Penandatanganan dilakukan Sekretaris Daerah Edward Candra bersama Rektor Unsri, Taufiq Marwa, serta disaksikan langsung oleh gubernur.
Sekilas, ini terlihat seperti agenda rutin, pemerintah memberi dukungan, kampus menerima, lalu semua selesai dalam bingkai seremoni. Namun suasana berubah ketika Herman Deru menyinggung soal niat di balik pengelolaan anggaran.
“Dana hibah sebesar Rp6 miliar ini harus benar-benar berwujud dan bermanfaat bagi mahasiswa, jangan sampai terbengkalai,” tegasnya.
Kalimat itu terdengar sederhana, tetapi membawa pesan yang cukup dalam. Terlebih ketika ia juga mengingatkan soal potensi mark-up dan kegiatan fiktif, dua hal yang sering menjadi bayang-bayang dalam berbagai proyek pembangunan.
Hibah ini tak lagi hanya angka saja, karena menjadi semacam ujian kecil tentang bagaimana anggaran publik dikelola sebab apakah benar-benar berubah menjadi manfaat nyata, atau hanya berhenti sebagai laporan yang rapi di atas kertas.
Dana Rp6 miliar tersebut akan digunakan untuk melanjutkan pembangunan Gedung FISIP serta pembenahan sarana olahraga di lingkungan kampus Unsri.
Dua kebutuhan yang sama-sama penting, meski sering berada dalam prioritas yang berbeda.
Gedung FISIP sendiri bukan proyek baru. Pembangunannya sudah berjalan sebelumnya dan kini membutuhkan dorongan tambahan agar bisa segera dimanfaatkan secara optimal.
Banyak kasus di pembangunan fasilitas pendidikan memang dilakukan bertahap, mengikuti kemampuan anggaran yang tersedia.
Pertanyaannya, apakah tambahan dana ini cukup untuk mempercepat penyelesaian, atau hanya menjadi penopang sementara agar proyek tetap berjalan?
Di sisi lain, pembenahan sarana olahraga juga menjadi bagian dari alokasi hibah.
Fasilitas ini memang penting untuk menunjang aktivitas mahasiswa di luar ruang kelas. Namun, kebutuhan fasilitas akademik seperti ruang belajar dan sarana penunjang pendidikan tetap menjadi perhatian utama.
Pilihan ini pada akhirnya akan diuji waktu. Apakah benar-benar menjawab kebutuhan mahasiswa, atau justru memunculkan pertanyaan baru.
Tolak ukur
Rektor Unsri, Taufiq Marwa, menyampaikan apresiasi atas dukungan dari pemerintah provinsi.
Ia menilai hibah ini sebagai bentuk kepedulian terhadap dunia pendidikan, terutama di tengah kondisi keuangan daerah yang sedang dalam tahap efisiensi.
Menurutnya, dana tersebut akan menjadi stimulan penting untuk mempercepat peningkatan fasilitas kampus. Namun seperti halnya program pembangunan lainnya, hasil akhir akan menjadi tolok ukur utama.
Bagi mahasiswa, persoalannya sederhana.

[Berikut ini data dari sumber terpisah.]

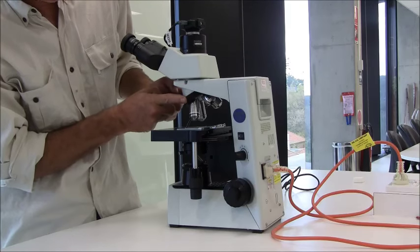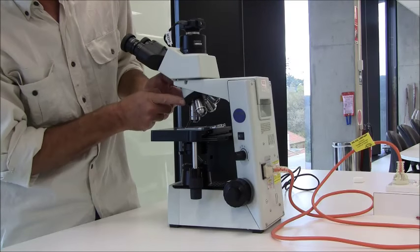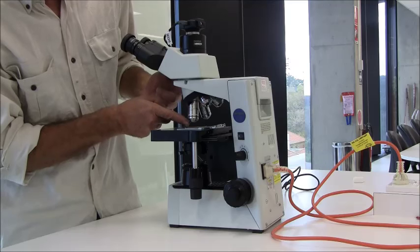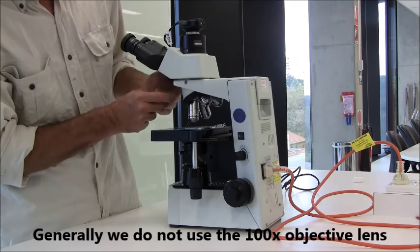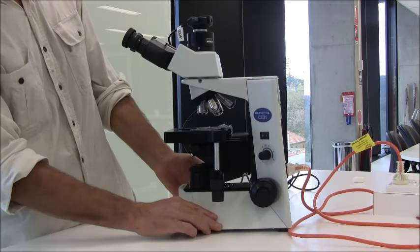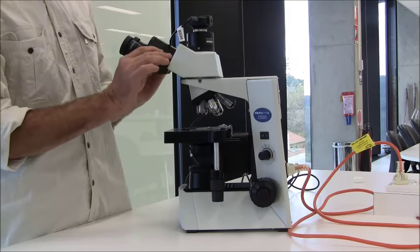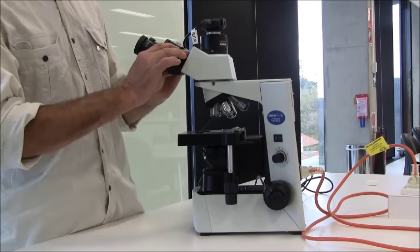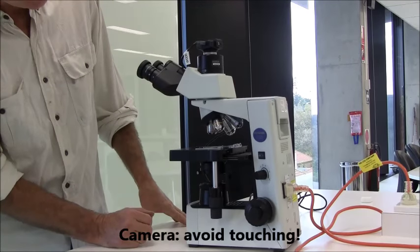We don't use that 100x lens. In fact, be careful about rotating it into position — if the specimen is fairly thick and you rotate that white lens into position, you're going to jam it into the specimen, and maybe crack the slide or damage the objective lens itself. So generally, we don't use that one. The eyepiece lenses allow you to adjust the interpupillary distances, the distances between your eyes. On the top is a camera so that the image can be sent to your computer.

Mereka tidak terlalu memikirkan istilah NPHD atau mekanisme hibah.
Yang mereka rasakan adalah apakah fasilitas kampus benar-benar membaik, apakah ruang belajar lebih layak, dan apakah aktivitas perkuliahan berjalan lebih nyaman.
Karena itu, jarak antara penandatanganan dan realisasi menjadi bagian yang paling krusial.
Banyak program terlihat meyakinkan saat diumumkan, namun menghadapi tantangan saat dijalankan di lapangan.
Pesan Herman Deru soal mens rea tadi menjadi pengingatkan pembangunan tidak hanya soal fisik, tetapi juga soal integritas.
Niat di awal harus tetap dijaga hingga akhir, agar hasilnya benar-benar bisa dirasakan.
Hibah Rp6 miliar ini pada akhirnya akan dinilai dari apa yang benar-benar terbangun. Bukan dari seremoni, bukan dari dokumen, melainkan dari manfaat yang hadir di tengah aktivitas mahasiswa.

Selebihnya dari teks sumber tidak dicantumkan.